Froom quickly became one of the few big-name producers of the late 80s and 90s, working with a veritable who's who list (of rock music, anyway): Del Fuegos/Dan Zanes, Crowded House/Neil Finn, Peter Case, Richard Thompson, Suzanne Vega (his wife), Janet Jackson, Eddie Money, Rick Springfield, Santana, Marshall Crenshaw, The Bangles, BoDeans, Paul McCartney, Maria McKee, Los Lobos, Randy Newman, Elvis Costello, Bob Dylan, T-Bone Burnett, American Music Club, Roy Orbison, The Pretenders, Michelle Shocked, David Byrne, Bonnie Raitt, Tom Petty & the Heartbreakers, Cibo Matto, Lisa Germano, the Corrs, Jonatha Brook, Vonda Shepard, Ron Sexsmith, Sheryl Crow, Pearl Jam, and many new artists yet to gain name recognition. In 1998, some of these artists contributed to Froom's second solo release, Dopamine. He is a Grammy, Golden Globe, and Emmy Award nominee. If nothing else, you've heard him on the Los Lobos song, "La Bamba", Suzanne Vega's "99.9°F", or Sheryl Crow's 007 theme song "Tomorrow Never Dies". Even today's teenagers know his work on Music from the O.C.: Mix 1. Whether this is a departure or a return, A Thousand Days is a bewitching set of good-old acoustic piano solos.
Though traditionalists will reject A Thousand Days as strictly jazz, it nonetheless contains pure instrumental music. The Kontext website describes Froom's sound as "melodies between Folk, Jazz, Pop and Classical Music.... reminiscent of Tom Waits, Randy Newman and Elvis Costello." Froom has undoubtedly earned the right to make music any which way he likes, with whomever he likes, which makes this sort of venerability even more surprising.
True to form, Froom's compositions reveal more intention than improvisation.
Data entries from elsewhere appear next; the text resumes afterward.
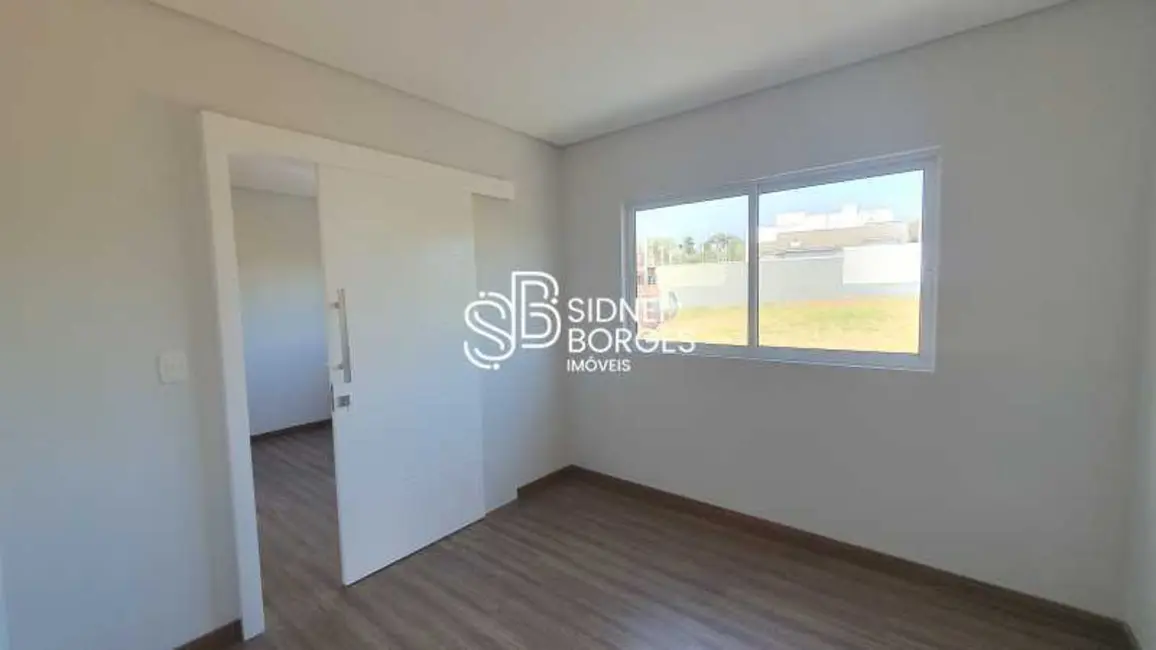 Apartamento com 2 quartos à venda, 74m2 em Concordia - SC - imagem 8 Foto 8 de Apartamento com 2 quartos à venda, 74m2 em Concordia - SC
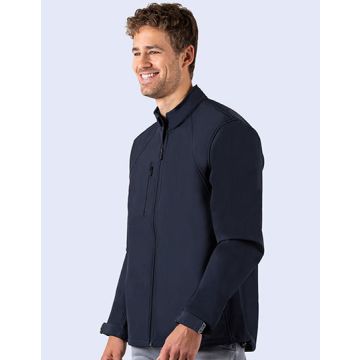 Starworld SW900 Men´s Soft-Shell Jacket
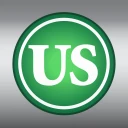 US Debt Clock .org icon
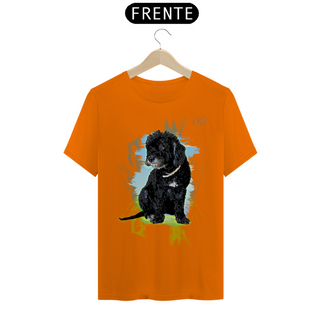 Nome do produtoT-Shirt Maju Dog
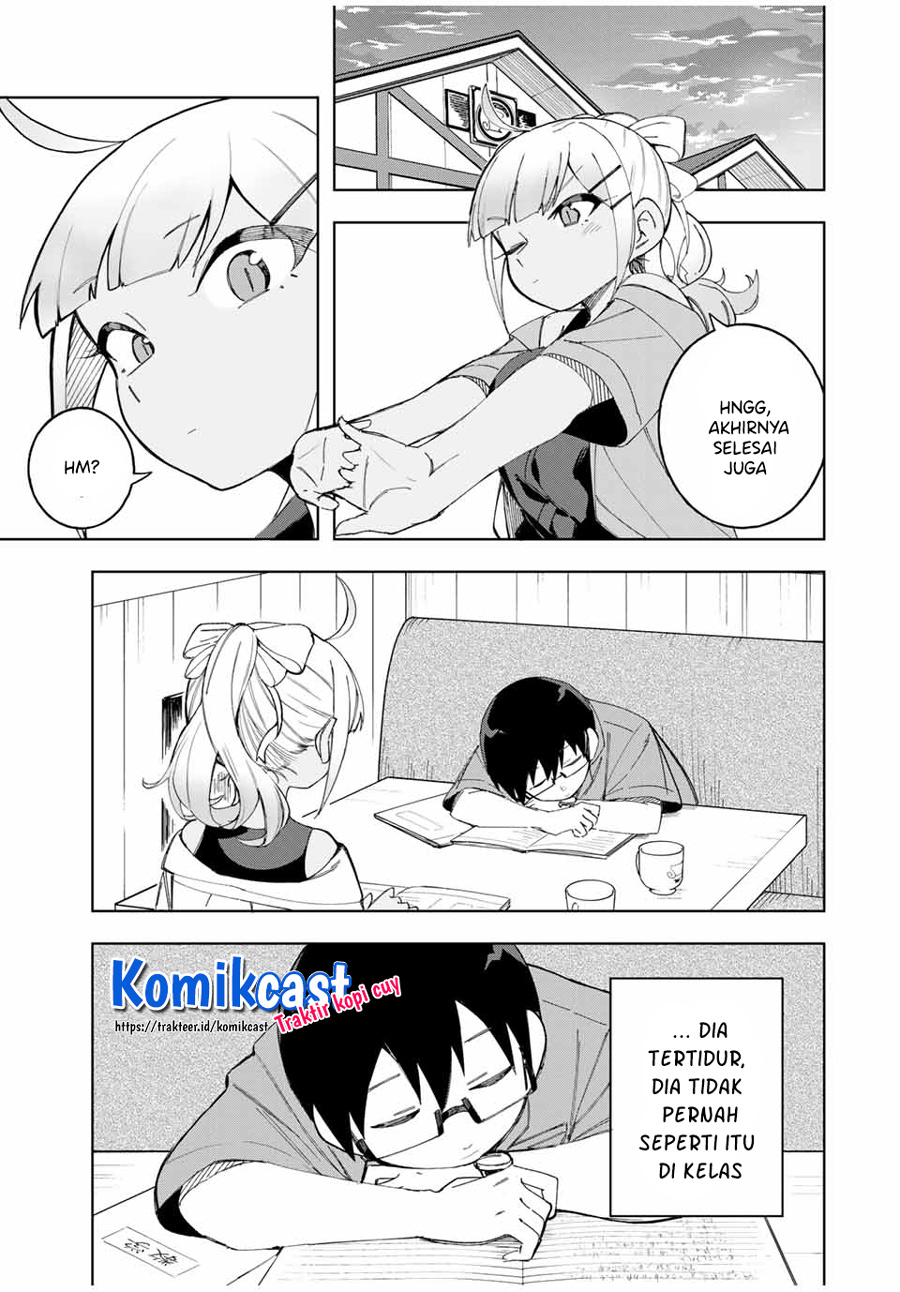 Chapter 22 - halaman 15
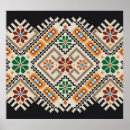 Suche nach stickerei kunst Stich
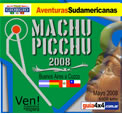 Machu2008_05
These fourteen little tunes are lean, mature, and emotionally compelling. Perhaps Froom has finally crushed the critics who insistently label him "mushy", "overbearing, or "overproduced". A Thousand Days is stream-of-consciousness mood music and so much more; hopefully introducing his genius to all new audiences. It maybe tough, however, to find people who don't already own one of his 40 million records sold. Highly recommended.
Exquisite cover art and liner notes by Louie Pérez (Los Lobos).
-David Seymour is a freelance jazz journalist in Saint Louis, Missouri, USA.